§ **TASK PROMPT**
Only one stretch of the material below is wanted: everything from the line containing "COOPER GREENGATE OAC-DT-2000-DMV" down to the line containing "Drury Inn & Suites Middletown Franklin", both ends included. Repeat it exactly and skip the pictures.

§ **SUPPLIED MATERIAL**
Start of Block

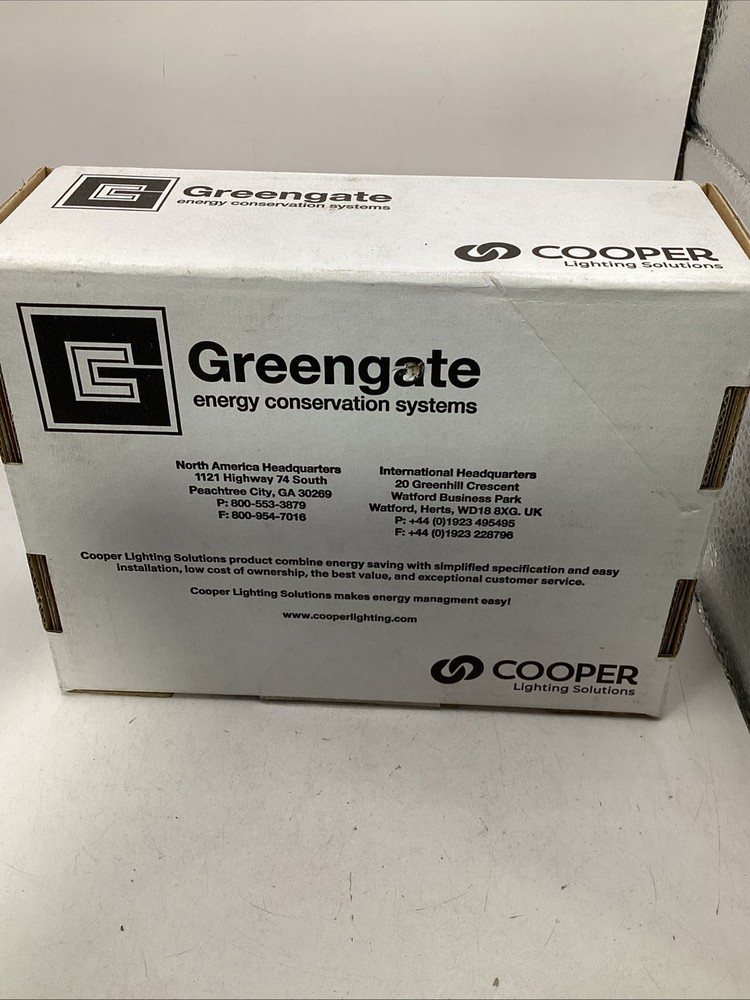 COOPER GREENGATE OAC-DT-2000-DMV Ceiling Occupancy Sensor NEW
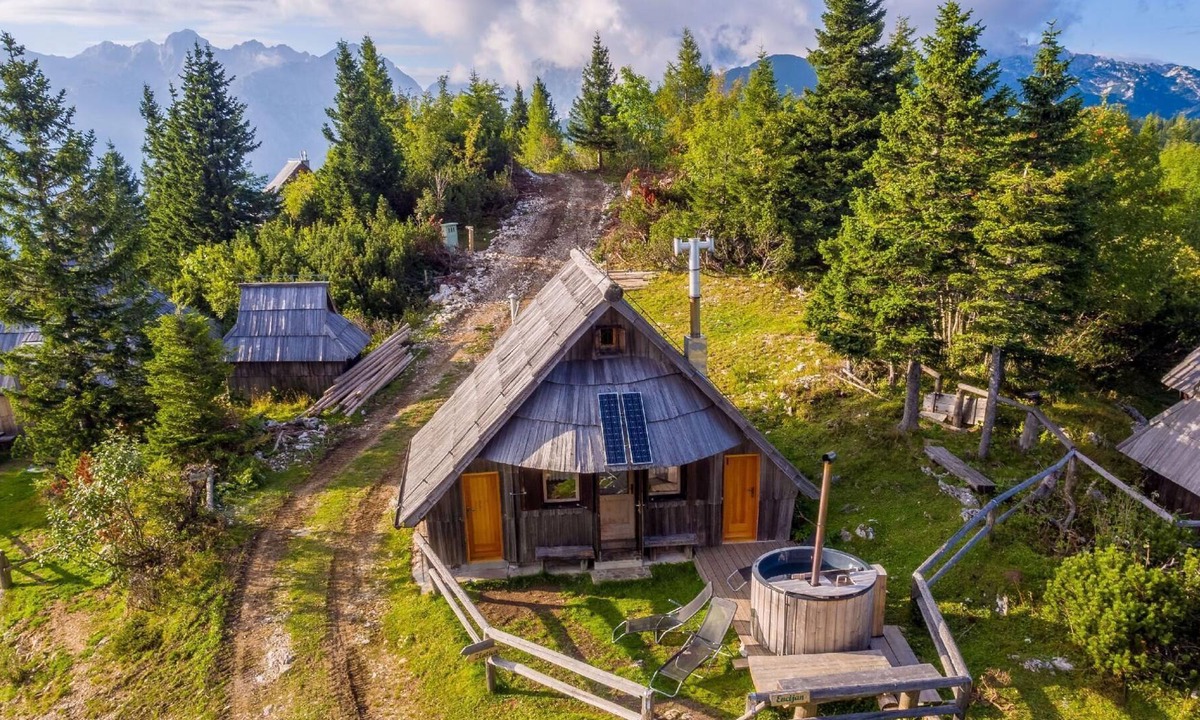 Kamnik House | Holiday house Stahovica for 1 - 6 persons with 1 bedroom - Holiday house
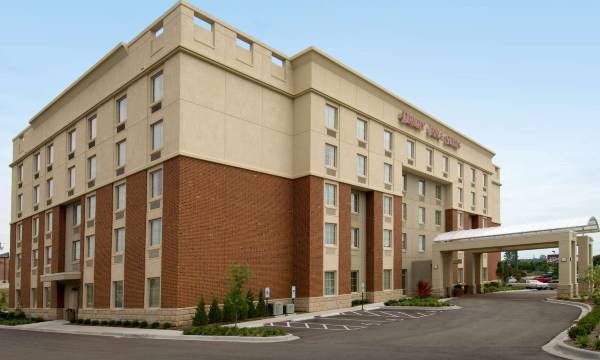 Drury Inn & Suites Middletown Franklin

End of Block
Start of Block

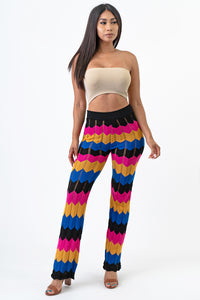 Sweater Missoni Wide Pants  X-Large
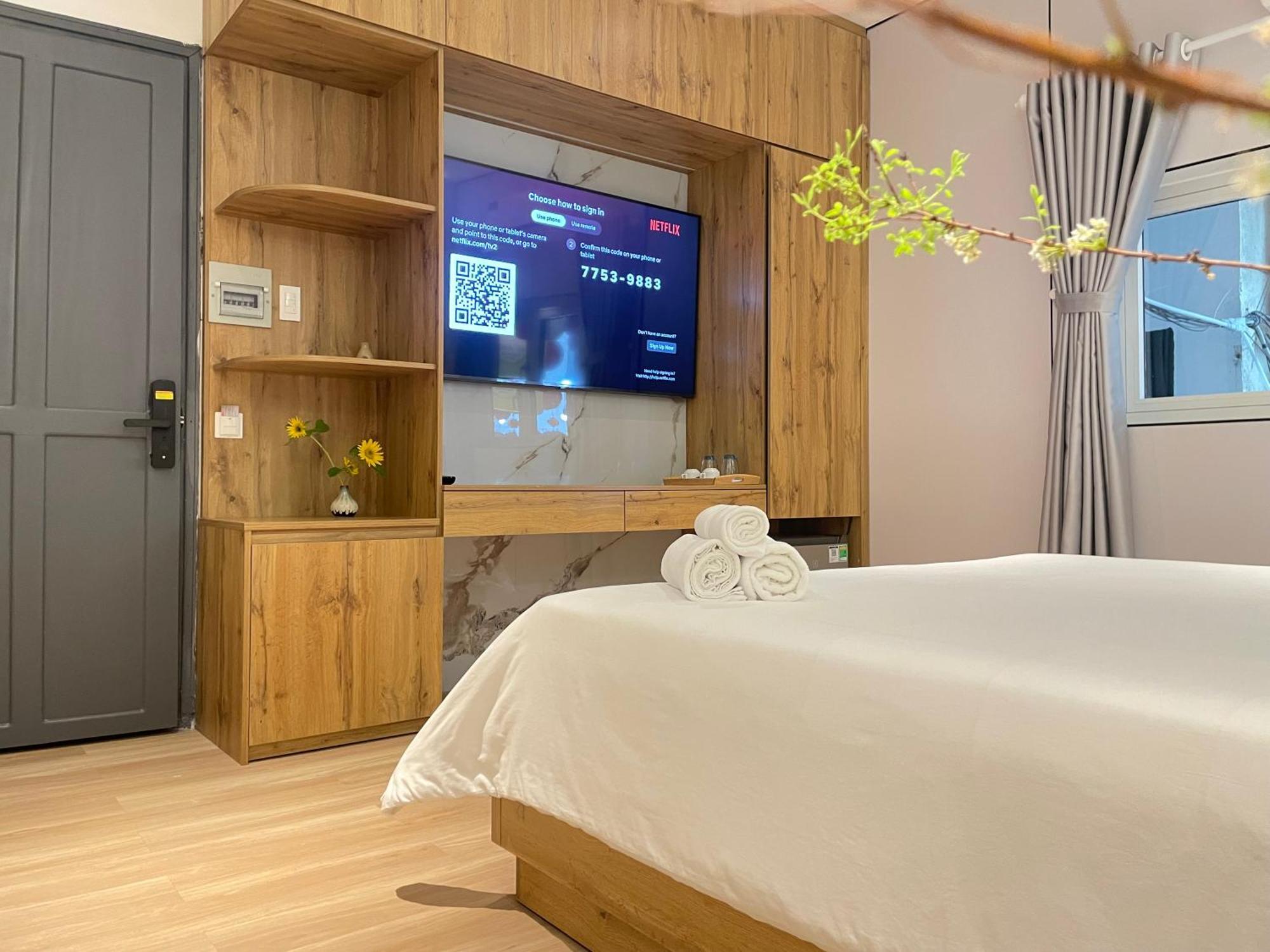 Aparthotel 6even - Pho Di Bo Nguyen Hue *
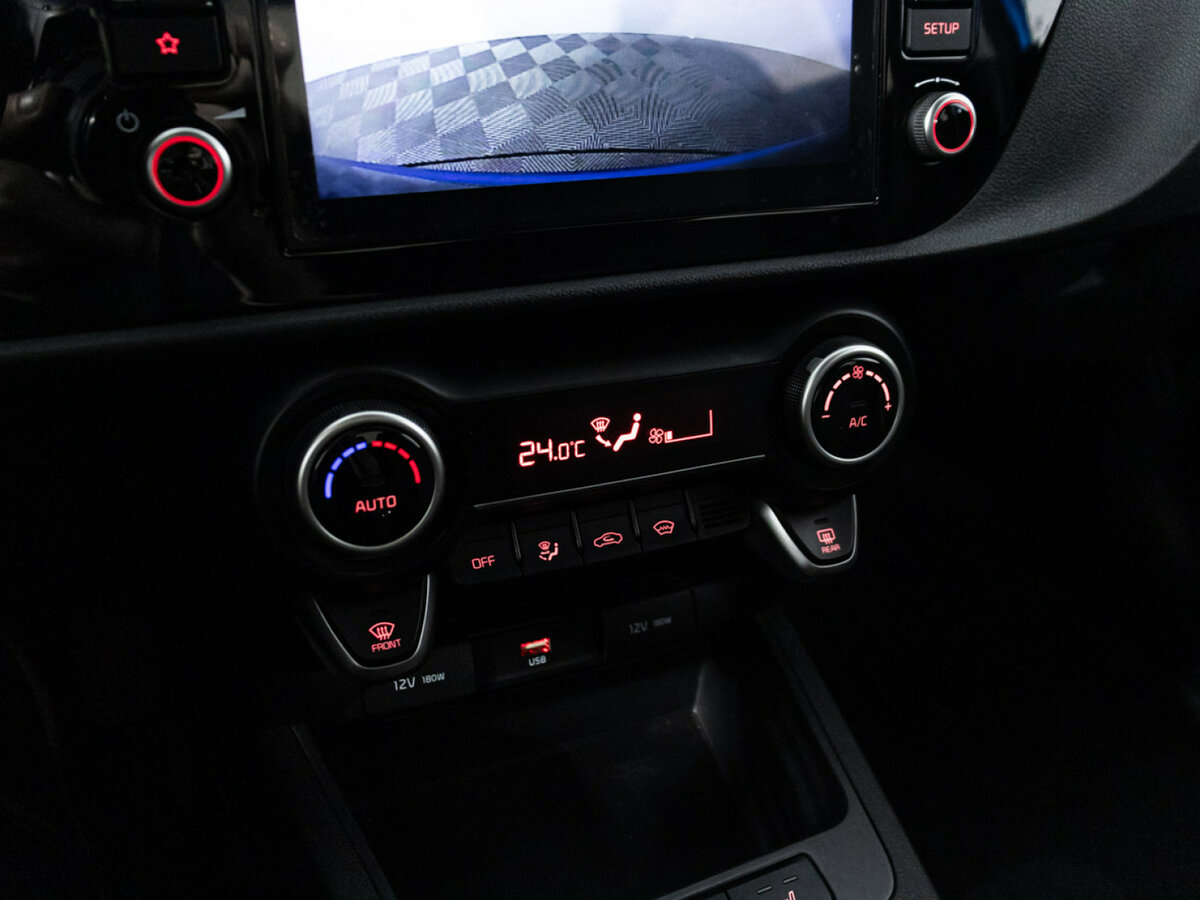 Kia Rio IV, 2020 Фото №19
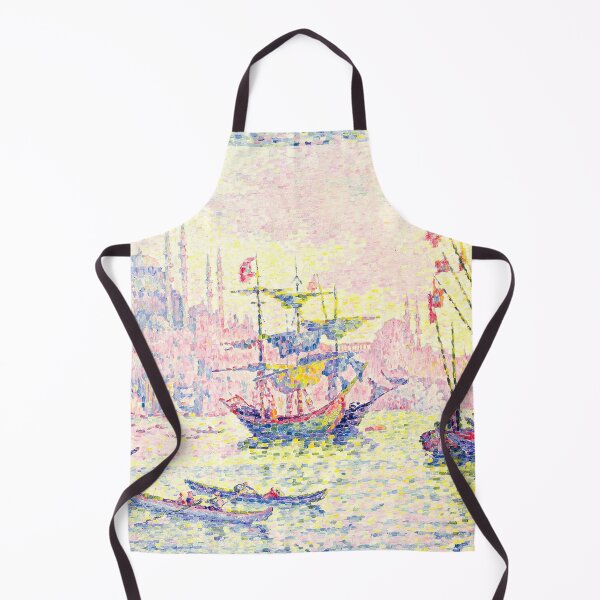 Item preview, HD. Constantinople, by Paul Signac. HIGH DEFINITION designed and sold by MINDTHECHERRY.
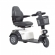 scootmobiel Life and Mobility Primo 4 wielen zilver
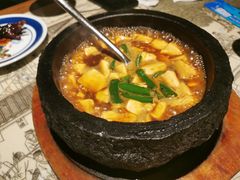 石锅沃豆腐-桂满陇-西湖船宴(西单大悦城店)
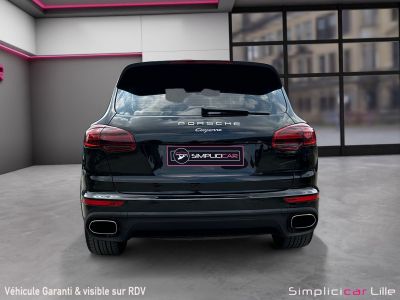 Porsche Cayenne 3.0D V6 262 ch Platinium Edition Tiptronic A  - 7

End of Block

§ **SOLVED PROBLEM**
 COOPER GREENGATE OAC-DT-2000-DMV Ceiling Occupancy Sensor NEW
 Kamnik House | Holiday house Stahovica for 1 - 6 persons with 1 bedroom - Holiday house
 Drury Inn & Suites Middletown Franklin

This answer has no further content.